Copy exactly, beginning with the line holding "increase in quantity demanded" and ending with the final line of the data beneath this task; copy nothing else, and leave out every picture.

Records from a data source
= = = = = = =
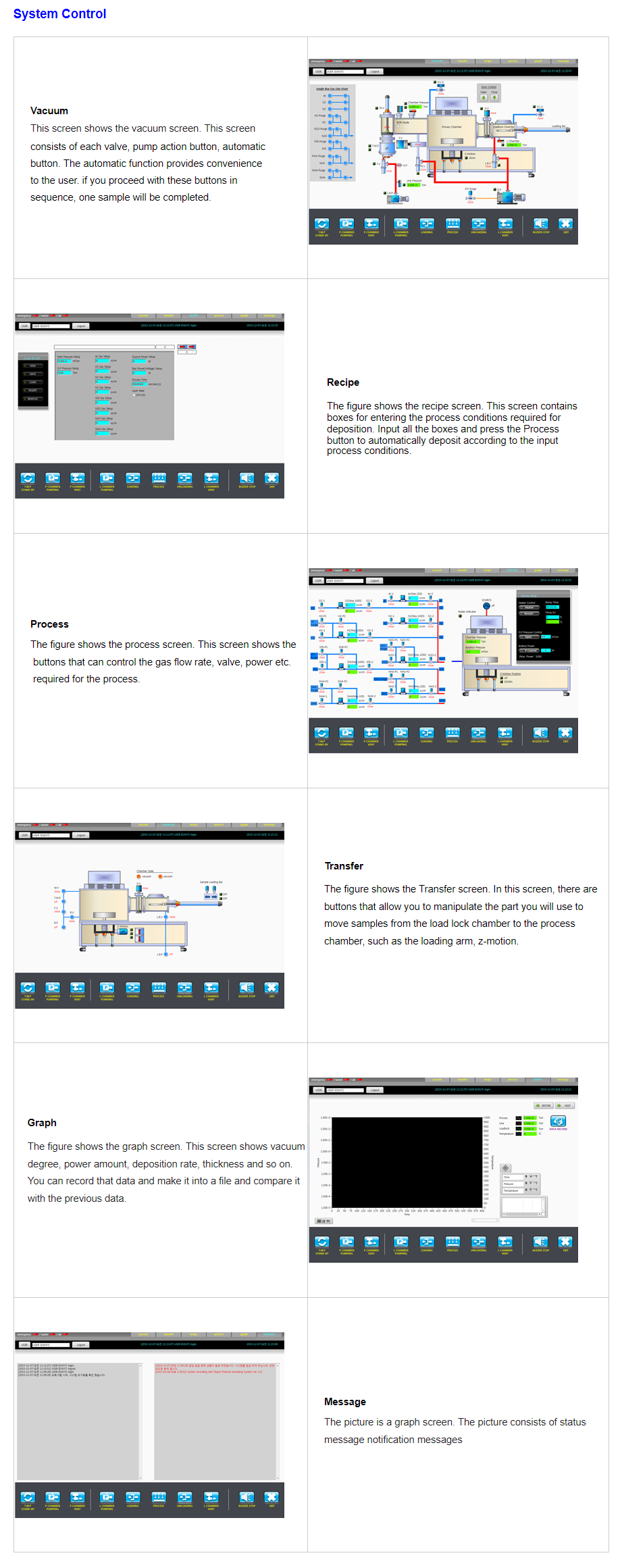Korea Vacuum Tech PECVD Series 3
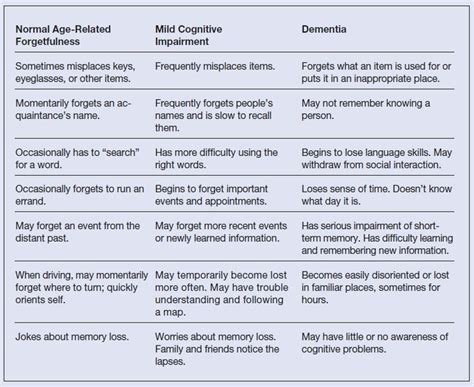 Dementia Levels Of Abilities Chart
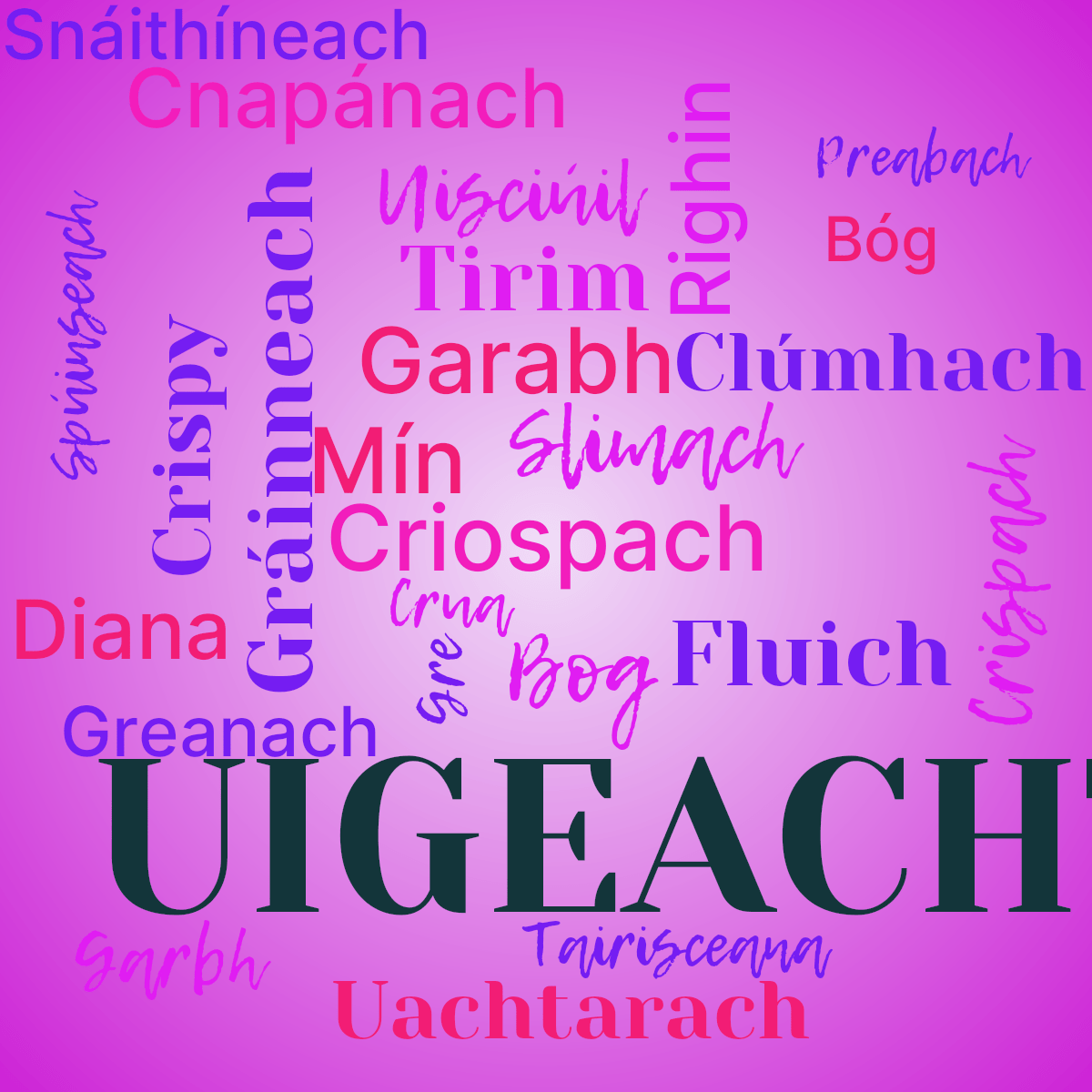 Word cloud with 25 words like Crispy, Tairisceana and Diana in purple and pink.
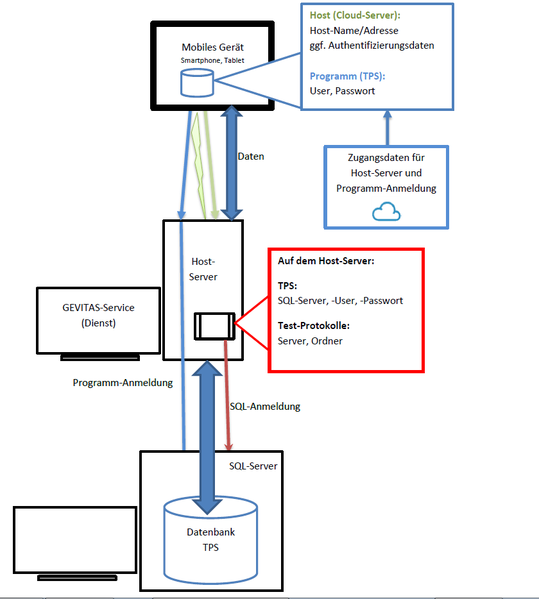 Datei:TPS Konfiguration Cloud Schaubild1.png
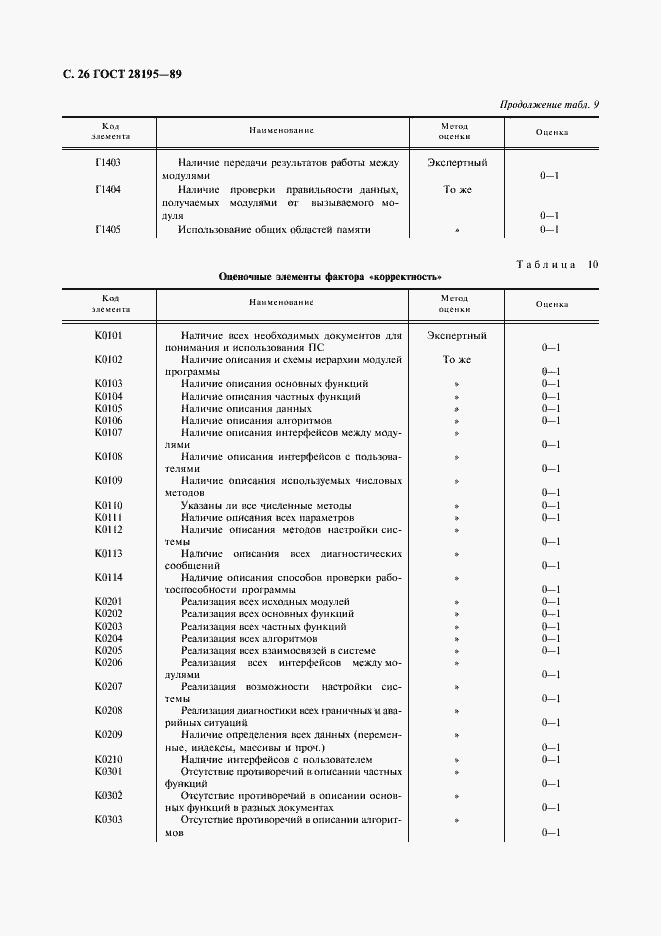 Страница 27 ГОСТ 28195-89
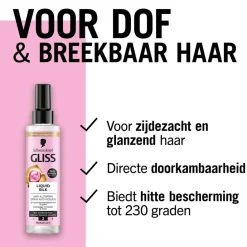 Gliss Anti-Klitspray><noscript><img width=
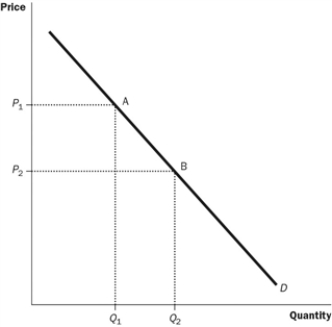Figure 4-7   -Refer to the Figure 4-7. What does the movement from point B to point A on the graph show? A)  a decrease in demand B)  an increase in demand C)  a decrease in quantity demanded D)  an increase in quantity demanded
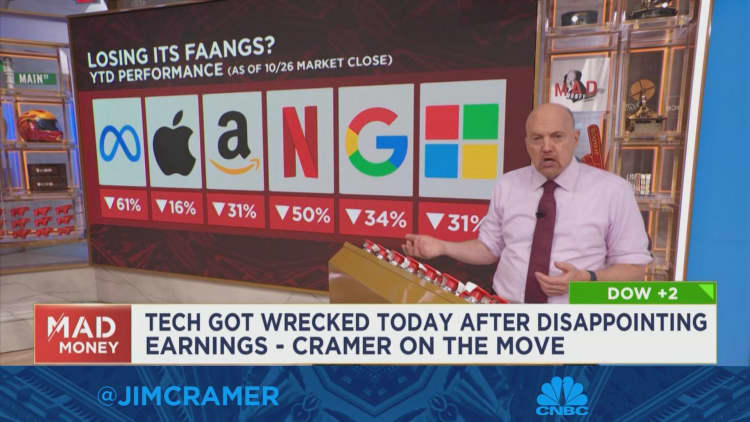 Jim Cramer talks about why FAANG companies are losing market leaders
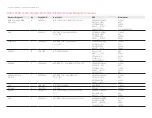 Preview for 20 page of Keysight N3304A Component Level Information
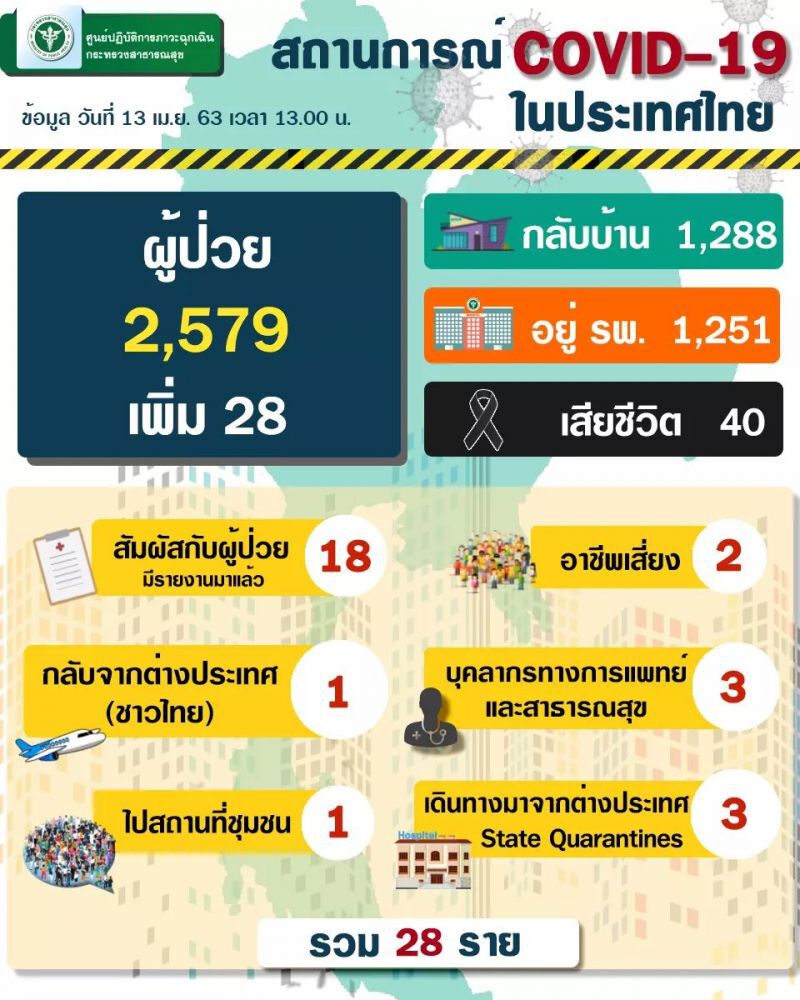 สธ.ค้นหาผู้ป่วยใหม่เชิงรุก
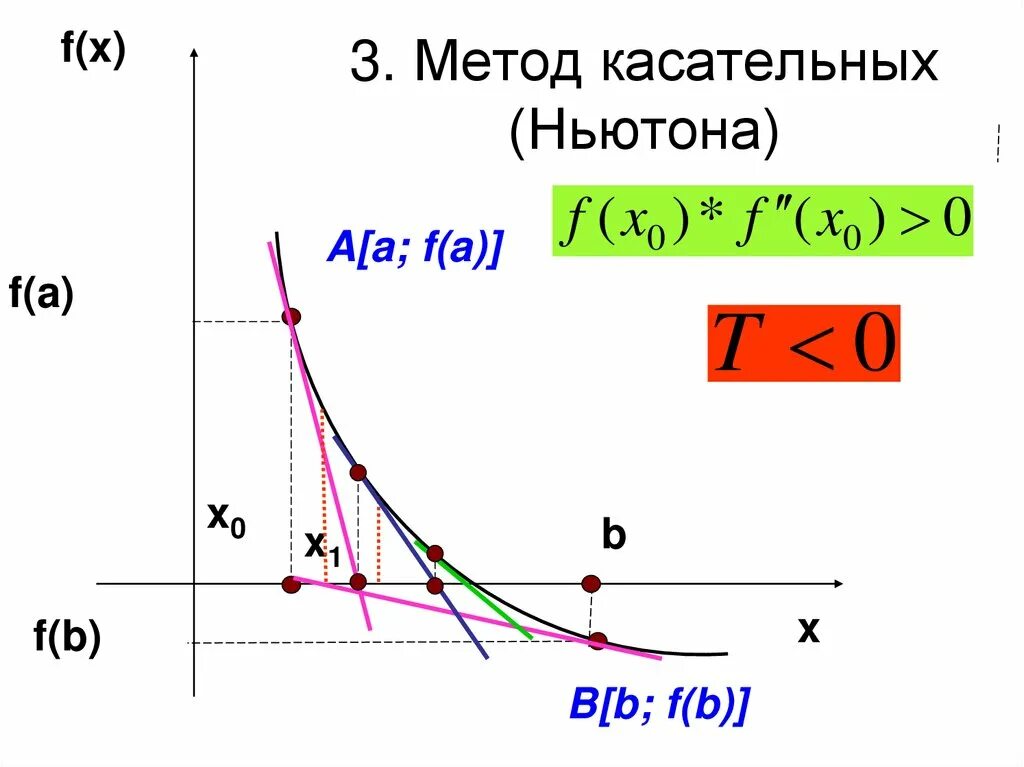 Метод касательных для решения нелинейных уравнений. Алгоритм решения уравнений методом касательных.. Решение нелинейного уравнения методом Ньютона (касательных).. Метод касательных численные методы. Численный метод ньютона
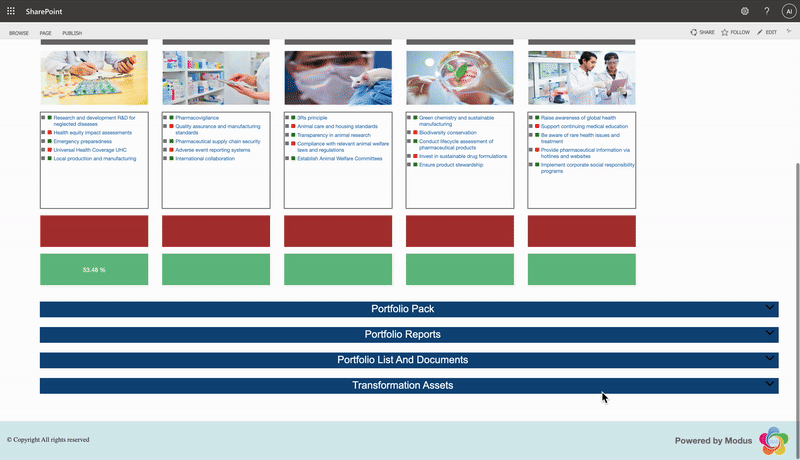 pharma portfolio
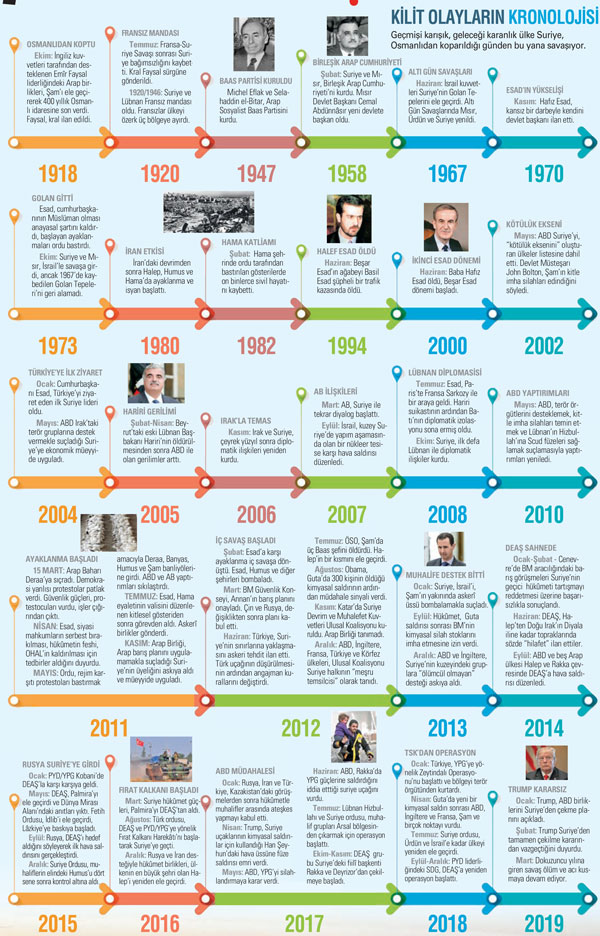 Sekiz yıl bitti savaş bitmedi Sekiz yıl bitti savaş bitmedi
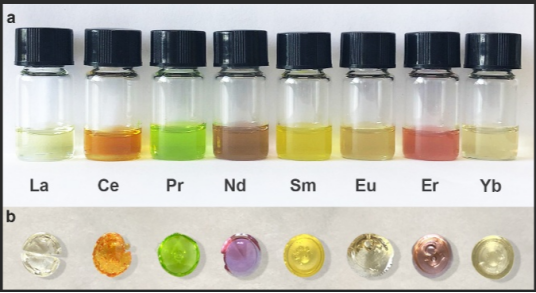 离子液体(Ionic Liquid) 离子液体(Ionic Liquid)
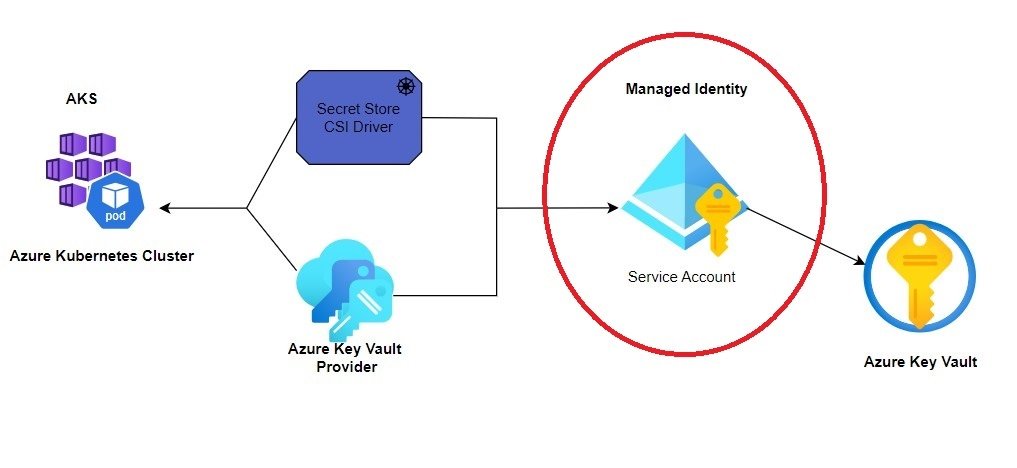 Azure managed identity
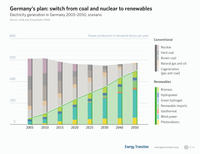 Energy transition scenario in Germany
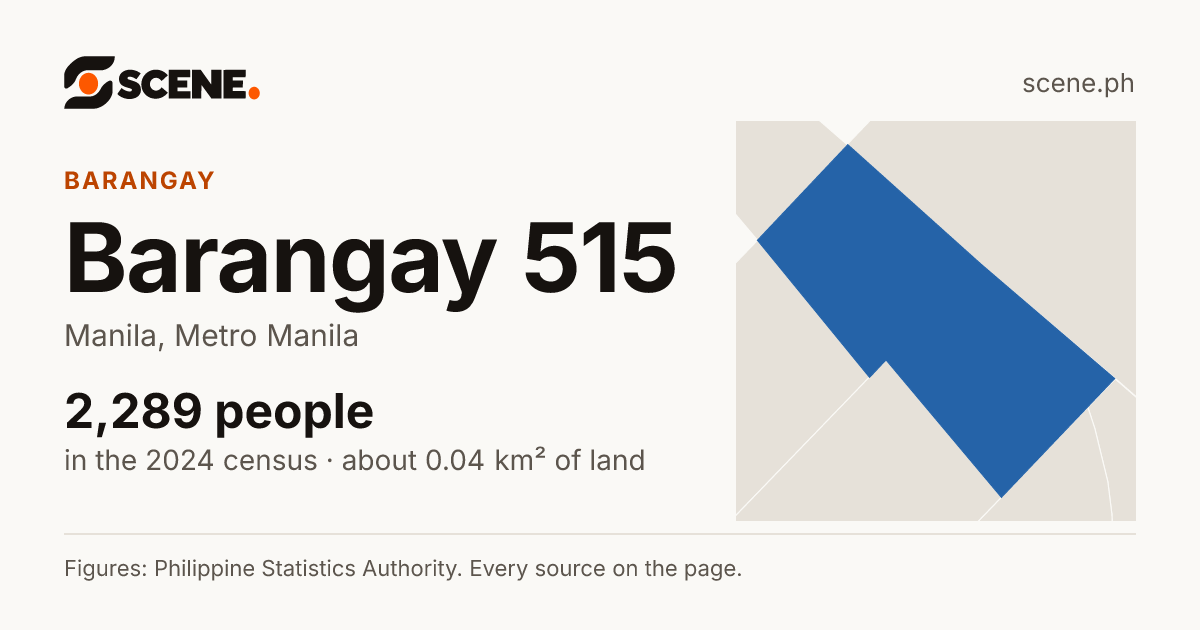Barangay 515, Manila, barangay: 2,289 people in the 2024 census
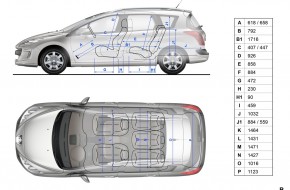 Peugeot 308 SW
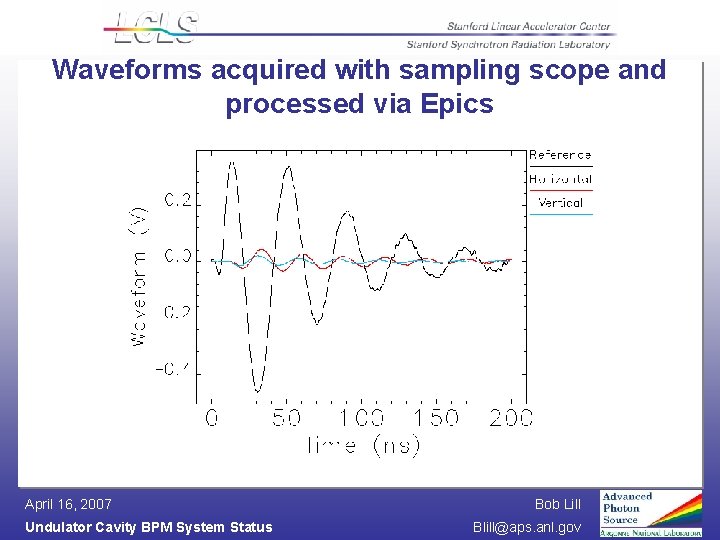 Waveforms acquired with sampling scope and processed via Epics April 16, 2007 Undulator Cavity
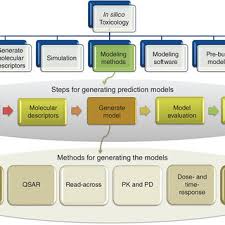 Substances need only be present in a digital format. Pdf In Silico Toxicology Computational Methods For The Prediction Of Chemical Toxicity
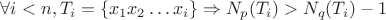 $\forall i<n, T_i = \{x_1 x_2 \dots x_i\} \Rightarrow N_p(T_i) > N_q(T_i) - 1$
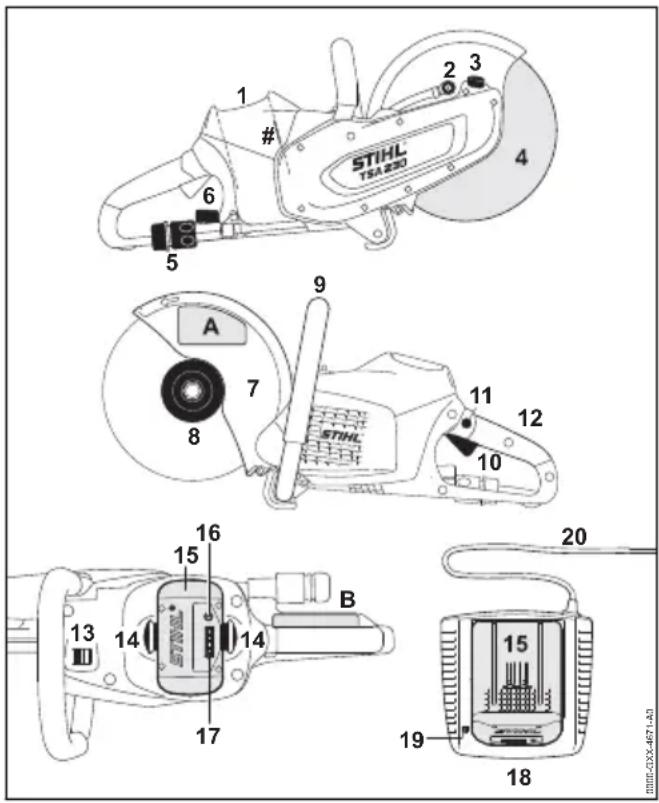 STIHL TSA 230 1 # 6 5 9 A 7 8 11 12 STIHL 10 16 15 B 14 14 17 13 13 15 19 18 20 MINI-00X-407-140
= = = = = = =
■ **RESULT OF THIS TASK**
Figure 4-7   -Refer to the Figure 4-7. What does the movement from point B to point A on the graph show? A)  a decrease in demand B)  an increase in demand C)  a decrease in quantity demanded D)  an increase in quantity demanded
 Jim Cramer talks about why FAANG companies are losing market leaders
 Preview for 20 page of Keysight N3304A Component Level Information
 สธ.ค้นหาผู้ป่วยใหม่เชิงรุก
 Метод касательных для решения нелинейных уравнений. Алгоритм решения уравнений методом касательных.. Решение нелинейного уравнения методом Ньютона (касательных).. Метод касательных численные методы. Численный метод ньютона
 pharma portfolio
 Sekiz yıl bitti savaş bitmedi Sekiz yıl bitti savaş bitmedi
 离子液体(Ionic Liquid) 离子液体(Ionic Liquid)
 Azure managed identity
 Energy transition scenario in Germany
Barangay 515, Manila, barangay: 2,289 people in the 2024 census
 Peugeot 308 SW
 Waveforms acquired with sampling scope and processed via Epics April 16, 2007 Undulator Cavity
 Substances need only be present in a digital format. Pdf In Silico Toxicology Computational Methods For The Prediction Of Chemical Toxicity
 $\forall i<n, T_i = \{x_1 x_2 \dots x_i\} \Rightarrow N_p(T_i) > N_q(T_i) - 1$
 STIHL TSA 230 1 # 6 5 9 A 7 8 11 12 STIHL 10 16 15 B 14 14 17 13 13 15 19 18 20 MINI-00X-407-140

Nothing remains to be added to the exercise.